After much wrestling with hexdumps, Matthew highlighted an issue for us today of the stealthy ninja linebreak. Here it is. Are you ready? Right: "
"

Did you spot it? Unlike all the other linebreaks in this Wordpress post, it hasn't been converted to a <br/> or <p/> tag, so Wordpress didn't. Not entirely fair of me to expect it to, though, as strictly speaking it's the line separator, \u2029. It has a nonidentical twin brother, the paragraph separator, \u2030. A shady pair of characters, these two: intended for printing use rather than computer use, like many of the other (horizontal) spacings in the General Punctuation code chart.

The reason that Matthew even noticed something was going funny in the first place was that Coldfusion's JSStringFormat doesn't escape it, but some output streams entirely filter it out. Javascript would see whitespace and sometimes die with formatting problems, but text dumps of the database revealed nothing at the command line. It was a sort of Mandelbreak, appearing and disappearing as if by random until he revealed it by dumping the actual bytes.

Ultimately, though, if you're filtering out high-end codepoints, why should you care? Well, imagine someone typed this into your site:

ja
vascr
ipt:alert("foo!");

If that looks like a blatant Javascript link to you (it does to me, on Firefox 3), then check the source. So: on the round trip from user input, through filters, into the database, back out again and then to whatever rendering system you're using: can you be certain that those line separators wouldn't just magically disappear, leaving you with some cross-site scripting?

Normalizing whitespace---reducing all whitespace clusters down to a single space---is a useful way of at least taking the sting out of such odd characters. Matthew initially mentioned as a problem that:

Firefox's Javascript parser (and possibly others) treats it as an end-of-line if it encounters one

But this can be put to good use: assuming it's consistent in its parsing at all levels, Javascript should have an innate understanding of whitespace beyond the ASCII character set.

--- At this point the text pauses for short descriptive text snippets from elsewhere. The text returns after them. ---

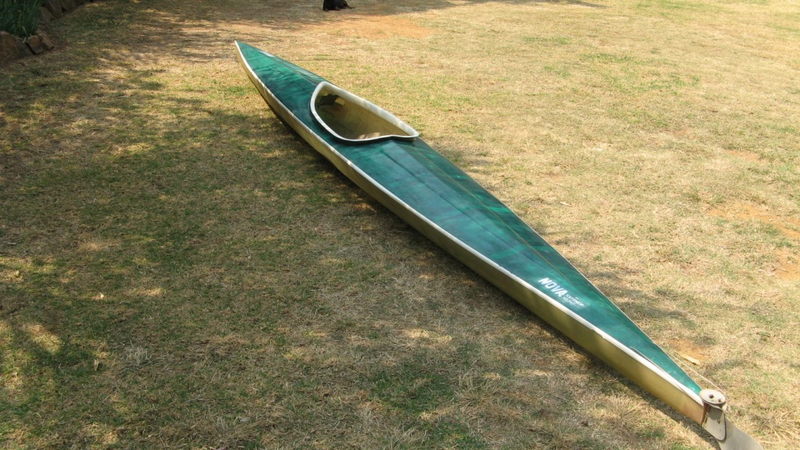 Fibre-glass Racing Canoe (K1)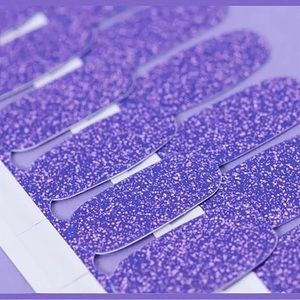 Color Street: 4 for $20: Turning Violet nail strips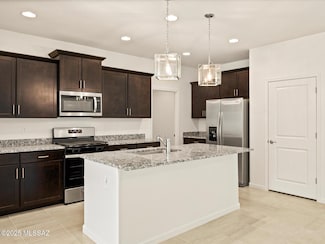 7021 W Jadewood Ln, Tucson, AZ 85757
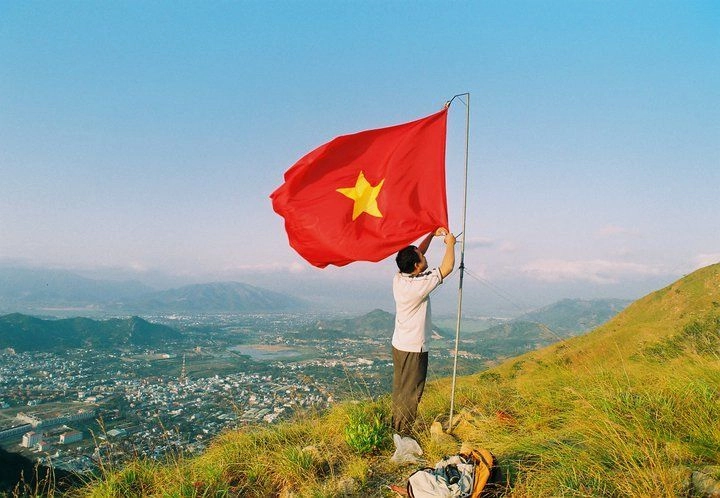 tải ảnh lá cờ việt nam lưu giữ vẻ đẹp bất tử của dân tộc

So it should spot the stealth spaces and be able to normalize them. Putting '\s' in the input field on this tester script does indeed return a list with both \u2028 and \u2029 are both on the list.

So if you're accepting user input then your first set of gatekeepers could be this code, running when a form is submitted:

jQuery(":input").each(function(i) {
  jQuery(this).val(jQuery(this).val().replace(/\s+/, " "))
});

You should never depend solely on browser-side sanitization, of course, as whatever you get the browser to do, a cross-site scripter can fake having done.

An equivalent server-side solution would be to use a regex parser that supports, whether implicitly as '\s' or explicitly as '[:space:]', POSIX character classes. These are regular expression terms in square brackets, based on a special colon-delimited marker: "[:space:]" means "any one of all the ASCII whitespace characters, plus any character which has the Unicode \p{Z} character property" (character properties are Unicode's equivalent of character classes). Picking a handful of technologies, Coldfusion claims to support POSIX classes; Python will support them in version 2.7 (a quick test suggests that '\s' in the re module is limited to catching only ASCII whitespace); and Opera was patched in version 9.52 only a couple of months ago to prevent XSS attacks utilizing these very characters.

Until there's a straightforward way, in a large and distributedly developed project like blogging software or a framework, to catch all the looky-likey high-codepoint whitespace, then only whitelisting---of characters and of markup---will really guarantee that the content you let into the system will resemble---both in security terms and byte by byte---the content you finally release. So how safe is your site, and how robust your offline content workflows?